Whether you’re in the ‘no dig’ or ‘I’m going to dig until the cows go home’ camp, it doesn’t matter, soil is best prepared for new crops now. Get out a trowel or a digging fork and uproot all the perennial weeds that you can see, to remove any potential competition for your crops. Then add a layer of well-rotted homemade garden compost or bagged peat-free multipurpose compost as a mulch over areas of bare soil to help warm them up. This is a good way of improving germination rates if you are going to be sowing seeds direct in the soil. The additional warmth and nutrients from the mulch will also give young plants planted out in spring a boost and it also helps to demarcate areas of the veg patch. Push labels into each mulched area saying what will be growing in each.

Growing greener

Now is a good time to think about how many pots and trays you are going to need for the forthcoming frenzy of sowing and potting annual veg.

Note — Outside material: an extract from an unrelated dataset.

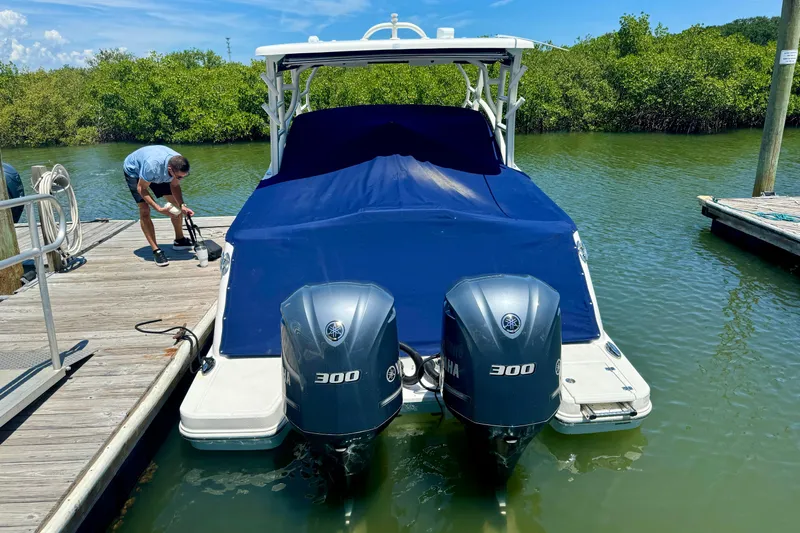  Yacht Photos Pics 2019 Robalo R317 Dual Console boat docked with twin Yamaha 300 engines.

It’s at this time of year that I start examining all the items of food packaging that come into the house and working out how they can be effective vessels for housing young plants and seedlings! Tin cans are good pots for French and runner beans if you pierce a hole in the bottom with a sharp knife or drill. The deep trays that mushrooms are often sold in are good for growing some cut-and-come -again salad leaves on the windowsill, and small yoghurt pots with a hole at the base, or toilet roll tubes, can easily house a broad bean or pea from seed to young plant.